Deberíamos haber aprendido que se trata de un bien escaso, que no es una fuente inagotable, infinita, y que de no tomar las debidas medidas y precauciones acabaremos padeciendo las temidas restricciones. Y la sequía, al igual que el periodo de lluvias, es cíclica, y la tendencia es que con el paso del tiempo cada vez sean más duras y extensas, además de frecuentes, la naturaleza nos lo lleva advirtiendo durante décadas. No podemos seguir sin escucharla, porque lo pagaremos muy caro.
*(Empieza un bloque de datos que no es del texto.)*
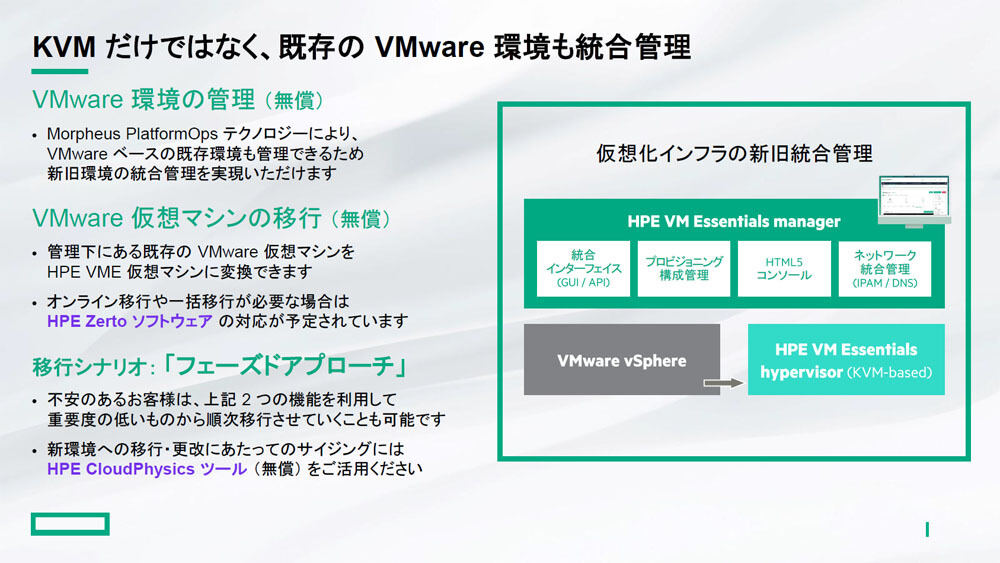 KVMに加え、既存のVMware環境も統合管理できるという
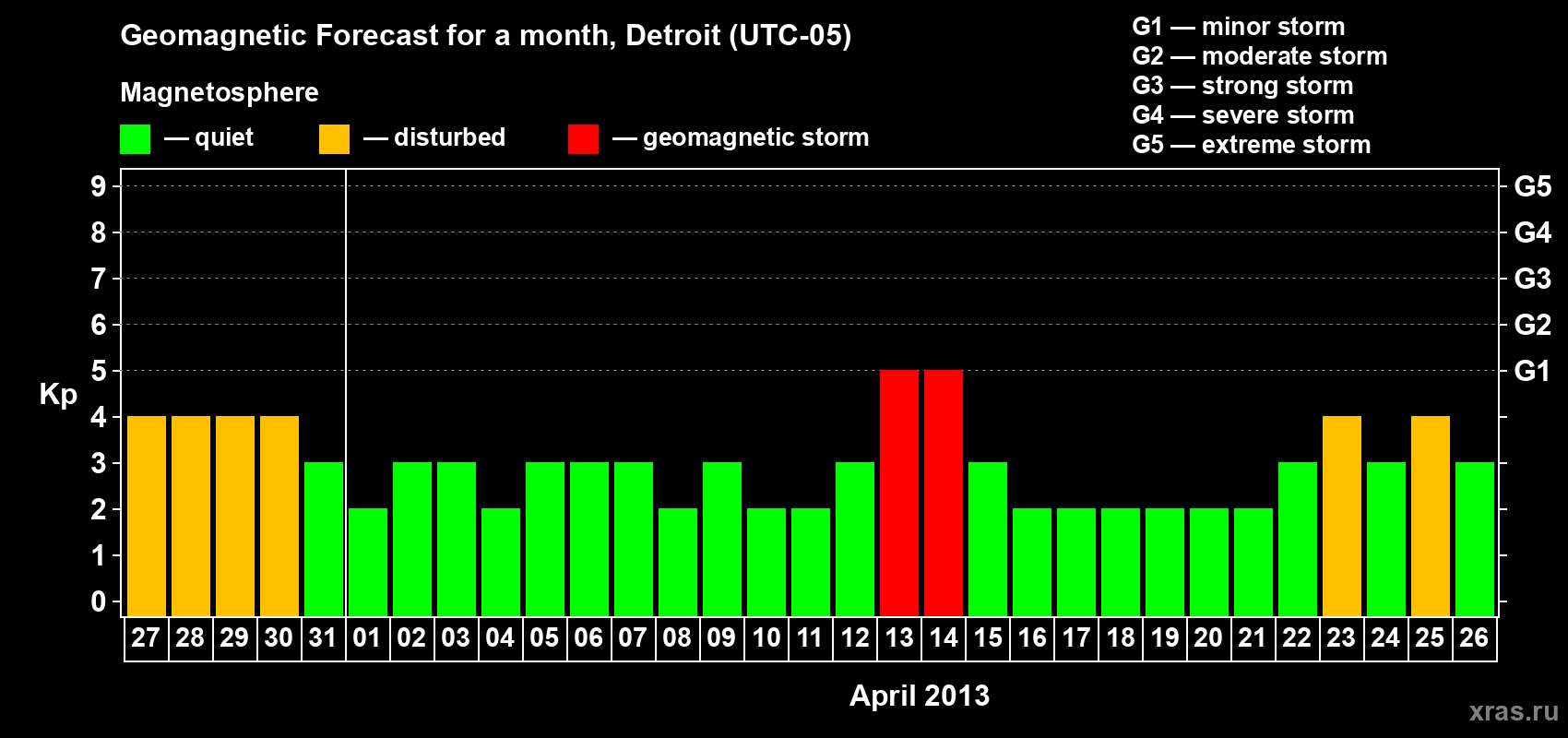 Forecast of the daily maximal value of geomagnetic index Kp for <b>1 month</b> (31 days) <b>from Mar 27, 2013 to Apr 26, 2013</b>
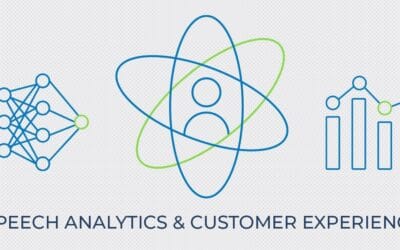 The TRUE Voice of The Customer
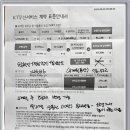 갤럭시민박 이미지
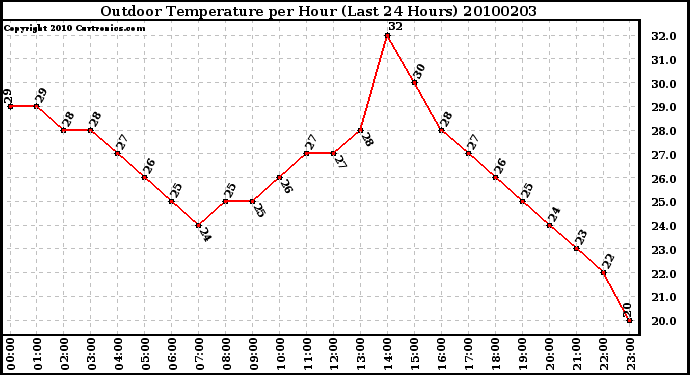 Milwaukee Weather Outdoor Temperature per Hour (Last 24 Hours)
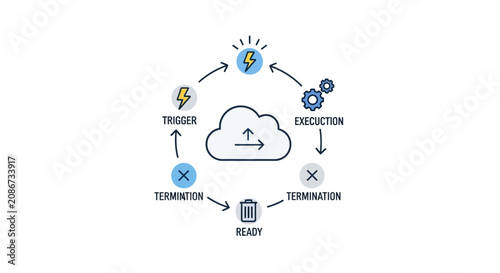Photography Cloud Computing Network Connection Diagram.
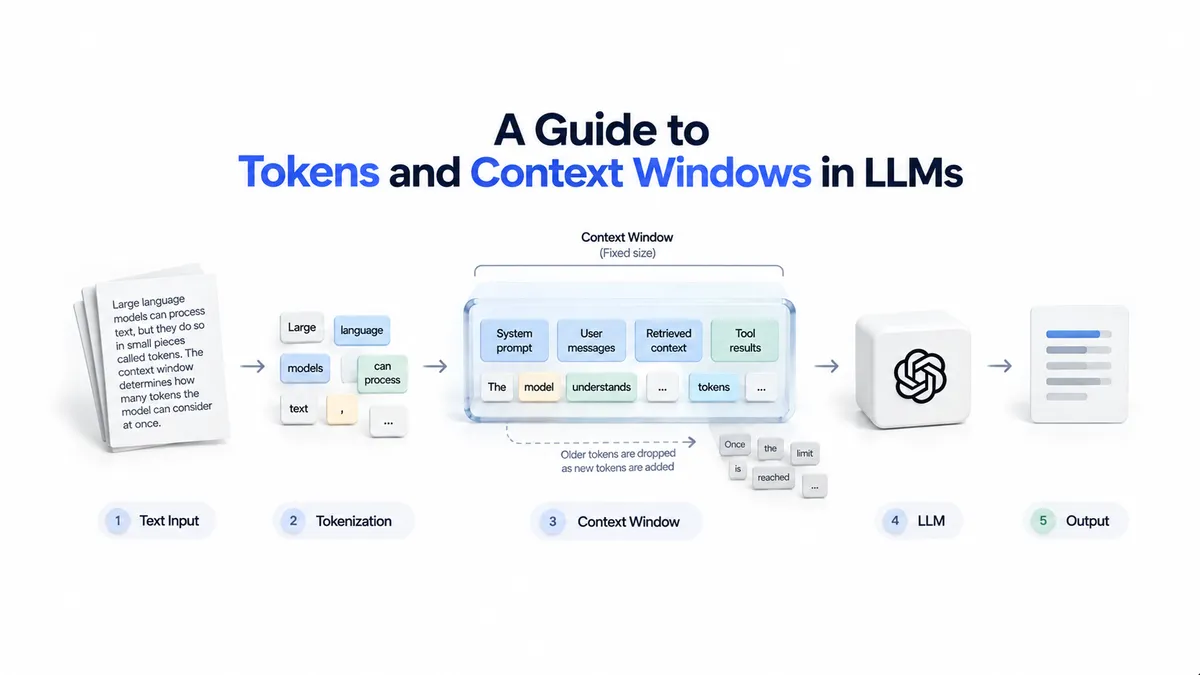 Tokens and context windows image illustration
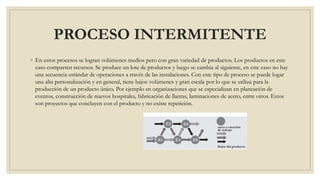 PROCESO INTERMITENTE
◦ En estos procesos se logran volúmenes medios pero con gran variedad de productos. Los productos en este
caso comparten recursos. Se produce un lote de productos y luego se cambia al siguiente, en este caso no hay
una secuencia estándar de operaciones a través de las instalaciones. Con este tipo de proceso se puede logar
una alta personalización y en general, tiene bajos volúmenes y gran escala por lo que se utiliza para la
producción de un producto único. Por ejemplo en organizaciones que se especializan en planeación de
eventos, construcción de nuevos hospitales, fabricación de llantas, laminaciones de acero, entre otros. Estos
son proyectos que concluyen con el producto y no existe repetición.
 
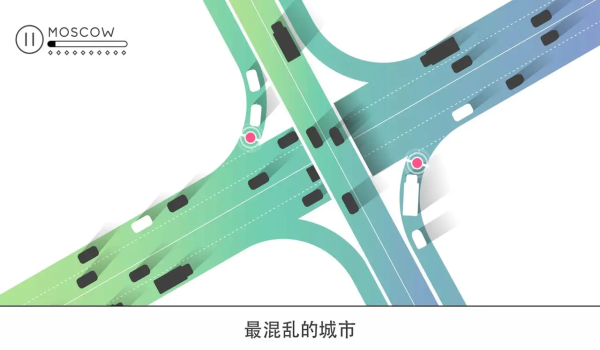 狂热交通堵塞全新版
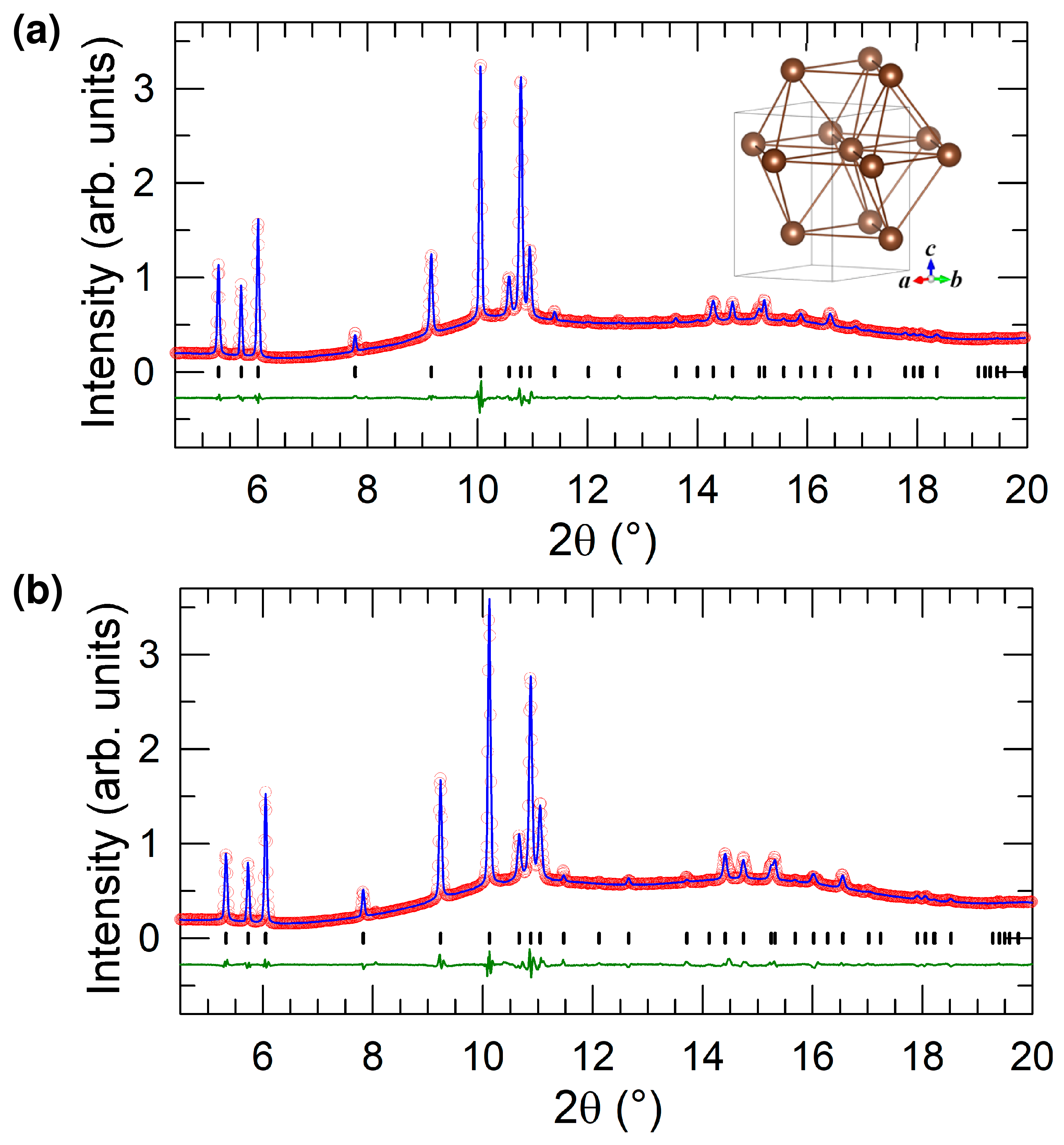 Inorganics 12 00099 g003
Hemos asistido a una lluvia balsámica que nos ha arrancado de las calles, pero que tanto bien nos va a traer. Asomado a la ventana, viendo la lluvia caer, porque esta pasada semana ha continuado, he creído subir de nuevo en el viejo Seat de mi padre para ir a ver pantanos. Apoyados en la baranda, pasábamos varios minutos en silencio, abrumados por la inmensidad de lo que contemplábamos. De eso me he acordado cada vez que he visto una imagen en las redes o en los diarios. Hay cosas que no cambian, esa fascinación por el agua, cuando es incontrolable. El olor a tierra mojada, tampoco espero que cambie. Pero sí que debería cambiar, y radicalmente, la gestión que realizamos del agua. Estamos a tiempo. De momento, la lluvia nos ha dado una tregua.